Is the corporation responsible for their maintenance? (It is in Dublin)
Could I get into trouble for dumping even though it will be purchased gravel?
If someone injures themselves due to the gravel, is it my responsibility?

Cheers


----------



## mathepac (29 Jul 2009)

Why do you describe the lane as a " right of way?"

Is this lane accessible from both ends or is it a cul de sac?

Do you park in the lane or do you drive into your back garden from it.

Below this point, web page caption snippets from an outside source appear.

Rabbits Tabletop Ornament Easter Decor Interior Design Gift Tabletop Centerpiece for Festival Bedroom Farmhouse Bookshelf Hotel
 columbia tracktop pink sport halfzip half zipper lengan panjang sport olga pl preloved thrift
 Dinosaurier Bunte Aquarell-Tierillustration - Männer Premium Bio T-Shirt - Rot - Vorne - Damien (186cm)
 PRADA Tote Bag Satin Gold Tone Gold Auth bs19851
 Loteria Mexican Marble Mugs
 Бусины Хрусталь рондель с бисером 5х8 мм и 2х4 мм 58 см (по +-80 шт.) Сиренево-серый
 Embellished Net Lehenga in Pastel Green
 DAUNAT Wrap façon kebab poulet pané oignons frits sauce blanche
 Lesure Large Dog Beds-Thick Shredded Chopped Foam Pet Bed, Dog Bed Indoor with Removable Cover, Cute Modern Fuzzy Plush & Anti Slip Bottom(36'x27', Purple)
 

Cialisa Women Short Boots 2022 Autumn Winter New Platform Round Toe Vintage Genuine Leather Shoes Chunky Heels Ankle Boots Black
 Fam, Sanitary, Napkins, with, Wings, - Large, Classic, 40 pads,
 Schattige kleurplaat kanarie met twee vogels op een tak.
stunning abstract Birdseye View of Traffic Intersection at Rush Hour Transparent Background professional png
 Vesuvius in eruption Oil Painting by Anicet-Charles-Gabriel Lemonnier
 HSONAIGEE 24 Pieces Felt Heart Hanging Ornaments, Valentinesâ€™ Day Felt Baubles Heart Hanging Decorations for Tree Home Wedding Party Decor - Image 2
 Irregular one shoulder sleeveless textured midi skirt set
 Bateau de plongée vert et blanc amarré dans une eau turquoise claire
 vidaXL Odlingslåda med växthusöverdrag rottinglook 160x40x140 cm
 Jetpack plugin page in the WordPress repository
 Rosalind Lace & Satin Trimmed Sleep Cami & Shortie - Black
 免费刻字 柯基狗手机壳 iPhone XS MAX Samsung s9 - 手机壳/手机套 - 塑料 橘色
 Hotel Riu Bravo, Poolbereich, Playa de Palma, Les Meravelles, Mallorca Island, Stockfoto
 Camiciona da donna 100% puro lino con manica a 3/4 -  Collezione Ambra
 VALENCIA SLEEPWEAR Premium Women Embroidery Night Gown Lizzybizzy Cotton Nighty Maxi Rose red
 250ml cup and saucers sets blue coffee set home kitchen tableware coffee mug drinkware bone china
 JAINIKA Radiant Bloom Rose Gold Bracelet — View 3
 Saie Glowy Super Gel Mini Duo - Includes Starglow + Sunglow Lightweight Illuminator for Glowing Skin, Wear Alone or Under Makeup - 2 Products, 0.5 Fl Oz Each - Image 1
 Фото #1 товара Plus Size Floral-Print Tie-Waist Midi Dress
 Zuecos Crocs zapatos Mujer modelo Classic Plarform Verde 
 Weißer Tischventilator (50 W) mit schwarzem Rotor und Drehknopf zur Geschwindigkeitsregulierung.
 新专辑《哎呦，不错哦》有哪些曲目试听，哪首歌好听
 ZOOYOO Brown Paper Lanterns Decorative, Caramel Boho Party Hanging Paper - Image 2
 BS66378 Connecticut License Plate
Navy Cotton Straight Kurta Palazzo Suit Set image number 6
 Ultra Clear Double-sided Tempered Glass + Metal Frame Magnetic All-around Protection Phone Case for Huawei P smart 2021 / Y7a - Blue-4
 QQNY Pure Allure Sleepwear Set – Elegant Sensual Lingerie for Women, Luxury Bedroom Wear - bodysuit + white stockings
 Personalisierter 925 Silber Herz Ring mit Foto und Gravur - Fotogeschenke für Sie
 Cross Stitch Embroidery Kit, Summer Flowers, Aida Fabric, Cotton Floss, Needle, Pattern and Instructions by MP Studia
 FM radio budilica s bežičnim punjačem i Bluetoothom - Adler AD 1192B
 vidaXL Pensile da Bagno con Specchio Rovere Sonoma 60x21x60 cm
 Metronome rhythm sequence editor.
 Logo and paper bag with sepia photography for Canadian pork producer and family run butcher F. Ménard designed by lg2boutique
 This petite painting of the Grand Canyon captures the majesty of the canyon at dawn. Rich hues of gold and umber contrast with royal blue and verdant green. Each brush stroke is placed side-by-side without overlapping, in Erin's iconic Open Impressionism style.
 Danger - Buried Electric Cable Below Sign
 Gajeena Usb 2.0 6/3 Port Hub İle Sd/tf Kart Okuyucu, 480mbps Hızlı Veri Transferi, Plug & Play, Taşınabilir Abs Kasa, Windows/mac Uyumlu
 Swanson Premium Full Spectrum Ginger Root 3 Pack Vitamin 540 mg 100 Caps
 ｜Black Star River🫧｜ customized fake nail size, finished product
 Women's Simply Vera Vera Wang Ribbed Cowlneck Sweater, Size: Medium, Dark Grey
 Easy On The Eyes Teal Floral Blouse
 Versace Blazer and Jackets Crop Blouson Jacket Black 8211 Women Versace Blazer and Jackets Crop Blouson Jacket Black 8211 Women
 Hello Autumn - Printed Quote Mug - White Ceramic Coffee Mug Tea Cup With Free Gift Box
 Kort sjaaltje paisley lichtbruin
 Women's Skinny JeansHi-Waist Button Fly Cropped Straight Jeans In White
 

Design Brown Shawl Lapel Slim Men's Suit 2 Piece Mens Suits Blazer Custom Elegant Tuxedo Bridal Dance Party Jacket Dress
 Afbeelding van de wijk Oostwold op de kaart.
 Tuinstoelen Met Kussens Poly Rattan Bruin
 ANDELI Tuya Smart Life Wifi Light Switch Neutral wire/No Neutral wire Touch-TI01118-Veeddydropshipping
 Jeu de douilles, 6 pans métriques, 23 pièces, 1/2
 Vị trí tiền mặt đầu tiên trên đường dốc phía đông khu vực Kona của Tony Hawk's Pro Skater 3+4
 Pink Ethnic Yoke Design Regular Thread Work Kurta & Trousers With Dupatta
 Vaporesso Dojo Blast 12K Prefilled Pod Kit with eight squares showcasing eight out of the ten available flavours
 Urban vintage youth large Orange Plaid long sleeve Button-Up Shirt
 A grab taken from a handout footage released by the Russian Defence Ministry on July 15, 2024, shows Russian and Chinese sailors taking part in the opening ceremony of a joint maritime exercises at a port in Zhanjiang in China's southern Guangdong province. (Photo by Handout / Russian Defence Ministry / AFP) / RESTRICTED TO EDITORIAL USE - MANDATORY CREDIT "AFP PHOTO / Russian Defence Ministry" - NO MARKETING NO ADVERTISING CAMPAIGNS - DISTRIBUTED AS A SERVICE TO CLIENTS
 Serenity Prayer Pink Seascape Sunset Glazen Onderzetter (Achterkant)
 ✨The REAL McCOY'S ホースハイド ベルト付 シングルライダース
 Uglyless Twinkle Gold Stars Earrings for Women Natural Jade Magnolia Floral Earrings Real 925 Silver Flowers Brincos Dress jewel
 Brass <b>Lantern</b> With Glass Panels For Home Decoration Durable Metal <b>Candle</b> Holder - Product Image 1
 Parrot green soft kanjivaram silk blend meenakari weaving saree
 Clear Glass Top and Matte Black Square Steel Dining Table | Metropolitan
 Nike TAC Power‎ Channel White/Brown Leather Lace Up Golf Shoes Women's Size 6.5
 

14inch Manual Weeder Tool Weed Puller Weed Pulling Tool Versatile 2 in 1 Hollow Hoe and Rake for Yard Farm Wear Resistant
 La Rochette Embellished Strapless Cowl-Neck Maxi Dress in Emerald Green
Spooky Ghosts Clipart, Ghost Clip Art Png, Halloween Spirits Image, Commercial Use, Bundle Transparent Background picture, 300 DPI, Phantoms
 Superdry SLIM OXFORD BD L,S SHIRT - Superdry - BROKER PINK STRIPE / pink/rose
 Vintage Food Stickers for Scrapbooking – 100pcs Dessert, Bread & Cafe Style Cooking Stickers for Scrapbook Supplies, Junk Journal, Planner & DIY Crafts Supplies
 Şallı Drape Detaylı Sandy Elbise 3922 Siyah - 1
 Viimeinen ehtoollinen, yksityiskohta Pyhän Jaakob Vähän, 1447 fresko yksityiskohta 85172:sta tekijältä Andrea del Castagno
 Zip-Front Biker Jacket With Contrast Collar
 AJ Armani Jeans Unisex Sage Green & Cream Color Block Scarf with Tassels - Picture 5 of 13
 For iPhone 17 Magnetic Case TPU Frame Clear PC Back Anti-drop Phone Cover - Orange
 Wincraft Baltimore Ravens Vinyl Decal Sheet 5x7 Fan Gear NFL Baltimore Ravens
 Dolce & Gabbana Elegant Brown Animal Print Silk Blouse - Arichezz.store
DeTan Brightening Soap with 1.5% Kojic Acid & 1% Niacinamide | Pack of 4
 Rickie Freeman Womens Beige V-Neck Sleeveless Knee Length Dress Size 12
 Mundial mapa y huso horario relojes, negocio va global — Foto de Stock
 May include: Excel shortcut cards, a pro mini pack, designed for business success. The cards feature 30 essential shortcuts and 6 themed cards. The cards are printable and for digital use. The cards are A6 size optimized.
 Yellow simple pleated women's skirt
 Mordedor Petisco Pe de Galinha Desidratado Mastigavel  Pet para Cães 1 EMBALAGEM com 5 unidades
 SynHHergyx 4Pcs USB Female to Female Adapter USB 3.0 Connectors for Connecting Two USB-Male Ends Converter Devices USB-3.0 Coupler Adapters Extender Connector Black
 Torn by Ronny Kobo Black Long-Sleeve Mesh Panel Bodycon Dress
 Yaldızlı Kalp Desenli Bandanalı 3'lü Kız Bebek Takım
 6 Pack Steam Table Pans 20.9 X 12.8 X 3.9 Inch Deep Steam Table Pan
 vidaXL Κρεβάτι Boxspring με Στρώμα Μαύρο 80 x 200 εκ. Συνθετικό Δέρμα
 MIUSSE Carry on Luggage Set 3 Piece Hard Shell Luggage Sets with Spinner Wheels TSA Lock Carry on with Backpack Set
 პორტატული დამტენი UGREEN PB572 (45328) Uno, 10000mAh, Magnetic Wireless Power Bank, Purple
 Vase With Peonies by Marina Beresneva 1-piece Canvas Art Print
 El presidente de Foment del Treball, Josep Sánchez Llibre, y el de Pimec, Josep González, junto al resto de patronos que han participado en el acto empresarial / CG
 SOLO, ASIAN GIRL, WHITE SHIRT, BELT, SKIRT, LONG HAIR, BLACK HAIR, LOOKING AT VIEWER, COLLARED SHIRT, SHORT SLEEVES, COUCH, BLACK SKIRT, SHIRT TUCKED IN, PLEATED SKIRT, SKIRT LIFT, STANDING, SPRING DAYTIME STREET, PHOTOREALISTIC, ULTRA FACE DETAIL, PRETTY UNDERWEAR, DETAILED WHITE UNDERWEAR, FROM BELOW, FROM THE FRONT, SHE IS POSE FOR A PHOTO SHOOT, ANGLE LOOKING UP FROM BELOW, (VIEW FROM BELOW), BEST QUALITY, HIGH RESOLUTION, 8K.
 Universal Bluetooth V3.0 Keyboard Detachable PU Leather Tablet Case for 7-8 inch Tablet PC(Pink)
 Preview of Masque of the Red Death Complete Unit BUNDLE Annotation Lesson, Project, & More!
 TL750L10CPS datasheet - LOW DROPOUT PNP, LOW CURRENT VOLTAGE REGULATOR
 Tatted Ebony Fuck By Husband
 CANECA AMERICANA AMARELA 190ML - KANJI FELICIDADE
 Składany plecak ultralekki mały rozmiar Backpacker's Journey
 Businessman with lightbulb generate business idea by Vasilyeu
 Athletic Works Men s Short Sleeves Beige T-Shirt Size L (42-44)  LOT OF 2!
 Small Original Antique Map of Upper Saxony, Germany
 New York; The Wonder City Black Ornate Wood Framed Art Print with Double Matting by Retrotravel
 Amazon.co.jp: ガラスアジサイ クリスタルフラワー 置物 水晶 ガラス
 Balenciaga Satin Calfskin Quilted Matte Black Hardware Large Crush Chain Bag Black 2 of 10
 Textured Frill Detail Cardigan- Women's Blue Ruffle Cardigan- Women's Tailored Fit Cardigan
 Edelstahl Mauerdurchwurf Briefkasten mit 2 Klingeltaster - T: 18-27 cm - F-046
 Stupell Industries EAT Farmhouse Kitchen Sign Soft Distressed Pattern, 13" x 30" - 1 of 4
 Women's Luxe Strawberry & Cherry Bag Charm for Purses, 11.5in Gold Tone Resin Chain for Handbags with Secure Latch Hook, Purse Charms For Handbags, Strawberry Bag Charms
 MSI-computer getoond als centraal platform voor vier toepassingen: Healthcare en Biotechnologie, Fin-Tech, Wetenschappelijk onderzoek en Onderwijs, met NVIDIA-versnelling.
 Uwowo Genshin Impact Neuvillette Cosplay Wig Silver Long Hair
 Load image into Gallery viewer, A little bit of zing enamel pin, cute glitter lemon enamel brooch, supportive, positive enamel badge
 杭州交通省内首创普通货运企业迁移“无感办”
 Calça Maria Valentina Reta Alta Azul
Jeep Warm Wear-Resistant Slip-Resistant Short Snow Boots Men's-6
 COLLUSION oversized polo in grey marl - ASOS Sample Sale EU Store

Is there any garden / yard to the front to  the house (convertible to parking space)?


----------



## stargirl01 (29 Jul 2009)

The lane is only accessible from one end and was once a mass path, which is wide enough for cars. There is only private properties off the lane. 
There is no where to the front of the house to put a parking space, (on a blind corner with double yellow lines). I currently park on the street down the road, but this is being put into paid parking and I am not entitled to get a disk for this area. (There is another similar street, so currently I can park there but every busy street in Dublin appears to be moving towards permit parking)
I am renovating the garden and hope to put a parking space in the garden. When I do use it at the moment (which is seldom) I just park on the lane, as no one can go further than my house hence not obstructing anyone.
As I stated already a number of the other houses do use the lane to access their rear gardens for parking, and if I purchase a SUV or 4wd I would be able to also, but I have no need for a large car.


----------



## mathepac (29 Jul 2009)

Sorry I missed one question - whose property is the lane?


----------



## stargirl01 (29 Jul 2009)

Mathepac, I do not know who owns the lane and have been planning on checking with land registry but have yet to


----------



## Caveat (29 Jul 2009)

stargirl01 said:


> Mathepac, I do not know who owns the lane and have been planning on checking with land registry but have yet to


 
Until you know, I'm guessing that your question, as it stands, cannot be answered then.


----------



## Billo (29 Jul 2009)

stargirl01 said:


> When I do use it at the moment (which is seldom) I just park on the lane, as no one can go further than my house hence not obstructing anyone.
> As I stated already a number of the other houses do use the lane to access their rear gardens for parking, and if I purchase a SUV or 4wd I would be able to also, but I have no need for a large car.



Is that a contradiction ?


----------



## Brendan Burgess (29 Jul 2009)

As stargirl decided to abuse those who offered her useful advice, I am closing this thread.

Brendan


----------